The default for the limits, xa and xb, are too small in your example. The following works for me with scipy 0.9.0, xa, xb can be set when creating the function instance
def getDistribution(data):
kernel = stats.gaussian_kde(data)
class rv(stats.rv_continuous):
def _cdf(self, x):
return kernel.integrate_box_1d(-numpy.Inf, x)
return rv(name='kdedist', xa=-200, xb=200)
There is currently a pull request for scipy to improve this, so in the next release xa and xb will be expanded automatically to avoid the f(a) and f(b) must have different signs exception.
There is not much documentation on this, the easiest is to follow some examples (and ask on the mailing list).
edit: addition
pdf: Since you have the density function also given by gaussian_kde, I would add the _pdf method, which will make some calculations more efficient.
edit2: addition
rvs: If you are interested in generating random numbers, then gaussian_kde has a resample method. Random Samples can be generated by sampling from the data and adding gaussian noise. So, this will be faster than the generic rvs using the ppf method. I would write a ._rvs method that just calls gaussian_kde's resample method.

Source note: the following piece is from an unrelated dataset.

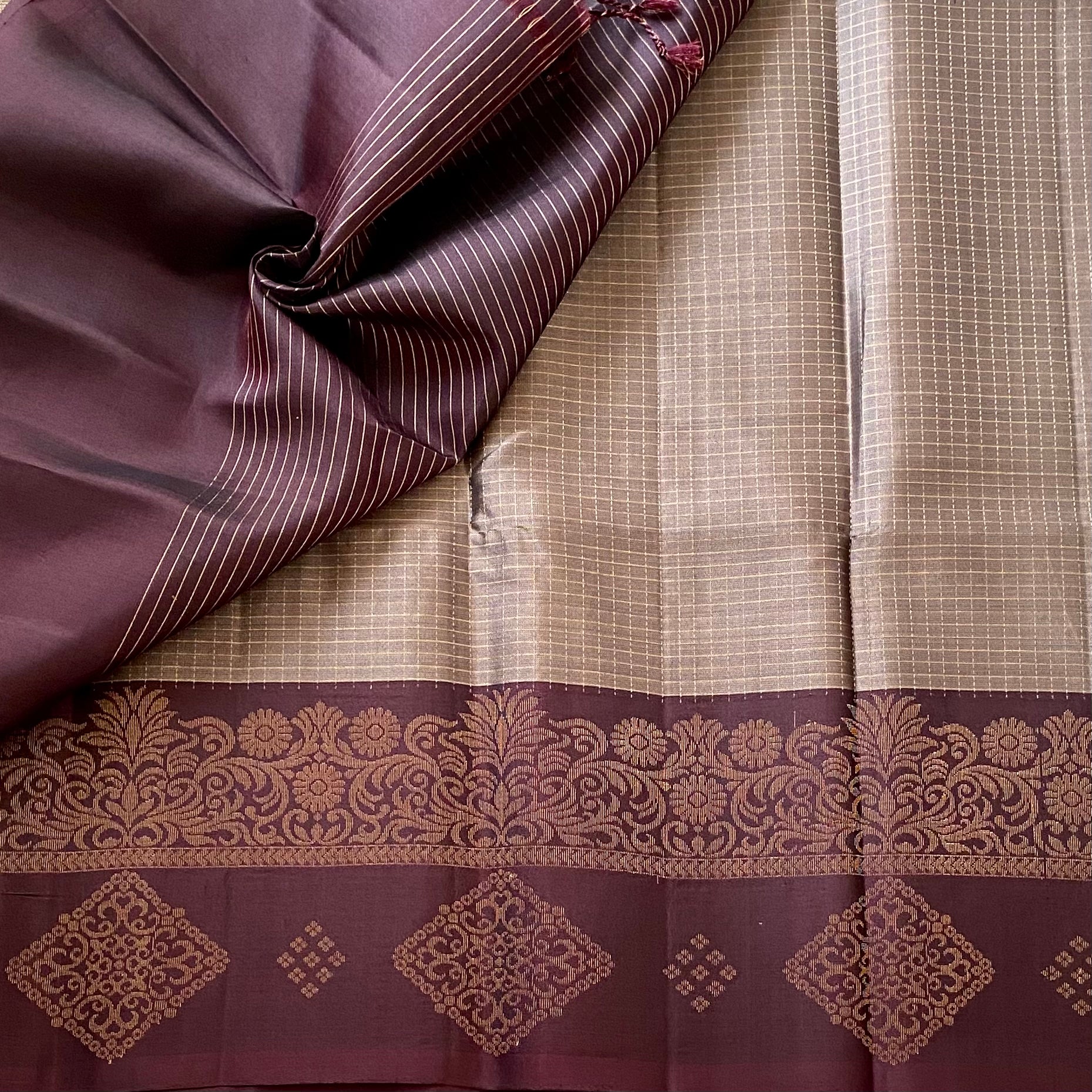 Greyish Beige Designer Pure Silk Saree With Wine Brown Woven Border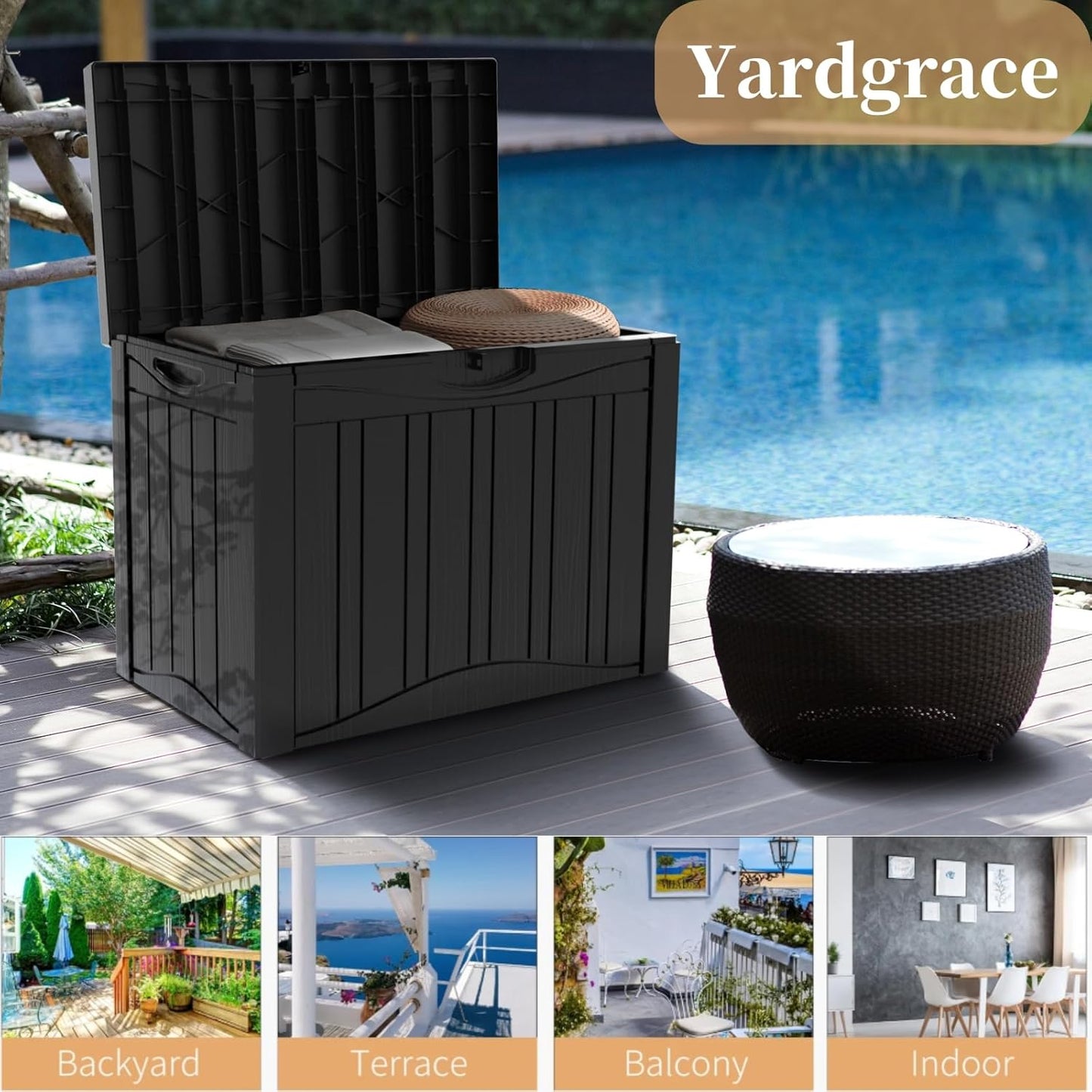 50 Gallon Heavy Duty Outdoor Deck Box with Lockable Lid, All Weather Waterproof Storage for Patio Cushions, Pool Toys, Garden Tools - Rust-Proof Resin Design (Black)-VerdiqueGarden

precomputing ppf: I don't know of any general way to precompute the ppf. However, the way I thought of doing it (but never tried so far) is to precompute the ppf at many points and then use linear interpolation to approximate the ppf function.
edit3: about _rvs to answer Srivatsan's question in the comment
_rvs is the distribution specific method that is called by the public method rvs. rvs is a generic method that does some argument checking, adds location and scale, and sets the attribute self._size which is the size of the requested array of random variables, and then calls the distribution specific method ._rvs or it's generic counterpart. The extra arguments in ._rvs are shape parameters, but since there are none in this case, *x and **y are redundant and unused.
I don't know how well the size or shape of the .rvs method works in the multivariate case. These distributions are designed for univariate distributions, and might not fully work for the multivariate case, or might need some reshapes.